A véspera do dia final do festejo do Divino, muitas rezas e orações em frente ao belíssimo altar. Durante todo o dia, poder-se-ia ser prisioneiro da imperatriz. Sim. Havia uma jovem que era escolhida para ser imperatriz e um jovem, para imperador. Quem mais se destacava era a imperatriz, que podia nos aprisionar no mastro até pagarmos uma prenda em benefício do festejo. Tive uma amiga, filha de D. Deja, operária da Fábrica Fabril, que fora imperatriz. Isso era uma prova de que a filha de trabalhadora de fábrica poderia, sem discriminação, ser destaque na festa do Divino.
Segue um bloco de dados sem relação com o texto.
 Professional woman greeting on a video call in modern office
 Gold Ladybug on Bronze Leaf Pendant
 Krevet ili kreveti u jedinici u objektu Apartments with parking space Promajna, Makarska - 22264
Rompíamos a aurora no dia do Divino Espírito Santo. Bem cedo, íamos para a Igreja São Pantaleão, onde seria, pelas 6h da manhã, rezada a missa. Terminada a missa, saía-se em procissão pela rua São Pantaleão até chegar, driblando os intrincados becos, subidas e descidas, à Vila Macaúba: à casa de D. Santa. Antes, a procissão era recebida, de passagem, pela Casa das Minas. A umbanda ou candomblé estava à porta, desfraldando-se as suas bandeiras vermelhas, num alegre esvoaçar, a recepcionar, ao som vibrante do rufar dos seus tambores e, com fé e amor, o Divino Espírito Santo. Essa religiosidade, esse sincretismo religioso me deixava repleto de imensa alegria. Havia amor, solidariedade, religiosidade, e não apenas religião, conspurcada pelo fundamentalismo do “eu estou salvo”.

A festa do Divino Espírito Santo, na Vila Macaúba, tendo à frente D. Santa, contribuiu para a formação da religiosidade de muita gente, entre as quais, sem nenhuma dúvida, me incluo. Não sei se estou salvo. Mas tenho uma certeza: cumpro o mandamento do amor ao próximo. É mais que suficiente para compreender e suportar os transtornos dessa nossa, hoje, conturbada vida.